--- Input data Enclosed Below ---

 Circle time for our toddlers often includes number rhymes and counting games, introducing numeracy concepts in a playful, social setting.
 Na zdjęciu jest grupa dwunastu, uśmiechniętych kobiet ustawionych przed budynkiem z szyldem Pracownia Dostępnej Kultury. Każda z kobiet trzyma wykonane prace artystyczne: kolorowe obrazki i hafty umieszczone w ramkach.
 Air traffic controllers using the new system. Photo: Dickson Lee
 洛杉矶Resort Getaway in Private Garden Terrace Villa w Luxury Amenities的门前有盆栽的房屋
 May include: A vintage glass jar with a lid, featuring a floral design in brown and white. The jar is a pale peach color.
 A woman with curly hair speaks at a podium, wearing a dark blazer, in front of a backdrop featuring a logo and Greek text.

--- End of Enclosed Input data ---
--- Input data Enclosed Below ---

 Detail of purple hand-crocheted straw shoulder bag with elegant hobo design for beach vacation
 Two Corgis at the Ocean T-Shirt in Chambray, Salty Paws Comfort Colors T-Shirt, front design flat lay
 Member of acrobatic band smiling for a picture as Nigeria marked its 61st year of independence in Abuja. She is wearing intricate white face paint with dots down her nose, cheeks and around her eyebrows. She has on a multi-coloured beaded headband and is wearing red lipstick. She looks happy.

--- End of Enclosed Input data ---

Required action
Going back over the entries above, copy word for word every line from the one that has "Air traffic controllers" on through the one that has "A woman with".

Output of the exercise
 Air traffic controllers using the new system. Photo: Dickson Lee
 洛杉矶Resort Getaway in Private Garden Terrace Villa w Luxury Amenities的门前有盆栽的房屋
 May include: A vintage glass jar with a lid, featuring a floral design in brown and white. The jar is a pale peach color.
 A woman with curly hair speaks at a podium, wearing a dark blazer, in front of a backdrop featuring a logo and Greek text.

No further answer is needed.